April 28, 2014

Stat of the Week Competition: April 26 – May 2 2014

Each week, we would like to invite readers of Stats Chat to submit nominations for our Stat of the Week competition and be in with the chance to win an iTunes voucher.

Here’s how it works:

  • Anyone may add a comment on this post to nominate their Stat of the Week candidate before midday Friday May 2 2014.
  • Statistics can be bad, exemplary or fascinating.
  • The statistic must be in the NZ media during the period of April 26 – May 2 2014 inclusive.
  • Quote the statistic, when and where it was published and tell us why it should be our Stat of the Week.

Next Monday at midday we’ll announce the winner of this week’s Stat of the Week competition, and start a new one.

The fine print:

  • Judging will be conducted by the blog moderator in liaison with staff at the Department of Statistics, The University of Auckland.
  • The judges’ decision will be final.
  • The judges can decide not to award a prize if they do not believe a suitable statistic has been posted in the preceeding week.
  • Only the first nomination of any individual example of a statistic used in the NZ media will qualify for the competition.
  • Individual posts on Stats Chat are just the opinions of their authors, who can criticise anyone who they feel deserves it, but the Stat of the Week award involves the Department of Statistics more officially. For that reason, we will not award Stat of the Week for a statistic coming from anyone at the University of Auckland outside the Statistics department. You can still nominate and discuss them, but the nomination won’t be eligible for the prize.
  • Employees (other than student employees) of the Statistics department at the University of Auckland are not eligible to win.
  • The person posting the winning entry will receive a $20 iTunes voucher.
  • The blog moderator will contact the winner via their notified email address and advise the details of the $20 iTunes voucher to that same email address.
  • The competition will commence Monday 8 August 2011 and continue until cancellation is notified on the blog.

Rachel Cunliffe is the co-director of CensusAtSchool and currently consults for the Department of Statistics. Her interests include statistical literacy, social media and blogging. See all posts by Rachel Cunliffe »


  • avatar
    William Eaton

    Statistic: “first-born girls were 13 per cent more ambitious than first-born boys”
    Source: NZ Herald
    Date: 28-Apr-2014

    Not clear how we can measure that so accurately.

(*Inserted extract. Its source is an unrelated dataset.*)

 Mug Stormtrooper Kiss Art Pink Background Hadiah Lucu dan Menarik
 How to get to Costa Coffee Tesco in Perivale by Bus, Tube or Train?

    Happily, the story quickly devolves into random examples that undercut the headline: First-born best placed to succeed.

    3 years ago

  • avatar
    Nick Iversen

    Statistic: A 50% probability is useless
    Source: New Zealand Herald
    Date: 29 Apr 2014

    I know it’s not the done thing to criticise university professors on this university website and that this post is therefore ineligible for the prize but the error should be pointed out so here goes.

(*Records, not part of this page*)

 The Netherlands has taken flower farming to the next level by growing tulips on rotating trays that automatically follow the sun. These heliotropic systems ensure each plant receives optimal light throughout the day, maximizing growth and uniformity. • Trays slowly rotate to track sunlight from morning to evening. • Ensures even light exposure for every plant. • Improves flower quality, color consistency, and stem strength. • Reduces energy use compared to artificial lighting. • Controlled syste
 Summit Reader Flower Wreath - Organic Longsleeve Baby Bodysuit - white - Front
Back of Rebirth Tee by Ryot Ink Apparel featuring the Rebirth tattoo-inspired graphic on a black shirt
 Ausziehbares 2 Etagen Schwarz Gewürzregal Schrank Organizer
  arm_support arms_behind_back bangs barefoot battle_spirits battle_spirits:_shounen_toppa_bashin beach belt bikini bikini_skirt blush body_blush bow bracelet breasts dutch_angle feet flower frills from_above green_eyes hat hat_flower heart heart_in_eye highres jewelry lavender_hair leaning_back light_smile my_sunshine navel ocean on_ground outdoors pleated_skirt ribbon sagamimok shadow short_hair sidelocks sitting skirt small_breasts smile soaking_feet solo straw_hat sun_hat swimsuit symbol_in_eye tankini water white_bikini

    In the article Chris de Freitas says that a 50% probability is not useful because it “is no better than flipping a coin.”

    This is faulty reasoning. The NOAA say (http://www.elnino.noaa.gov/lanina_new_faq.html) that “El Niño and La Niña occur on average every 3 to 5 years” so in any one year the probability of an event is 0.20 to 0.33.

    So a notice of a 0.50 probability means that the event is more likely to occur than usual. This is useful information for farmers. The fact that the probability is the same as a coin toss is irrelevant.

    He says “it can lead to an impression that skill exists when it does not.” Turning a 0.20 prediction into a 0.50 prediction IS an indication of skill.

    If I could predict lotto numbers with a 50% probability (which is no better than a coin toss) I’d be filthy rich.

    He goes on to say “send an email to, say, 512 people with the message that there is a 50 per cent chance of an El Nino developing over the coming summer. Of these, 256 should get the correct prediction.”

    That doesn’t make sense. All 512 people got the same email. So 256 can’t be different.

    What he means is that if you send 256 emails predicting an event will happen and 256 emails predicting an event won’t happen then 256 people will get the correct prediction. So what? That doesn’t prove anything about 50% probabilities. I could have chosen 12 people and 500 people. That wouldn’t prove anything either. Some people would get correct and some incorrect predictions. So what?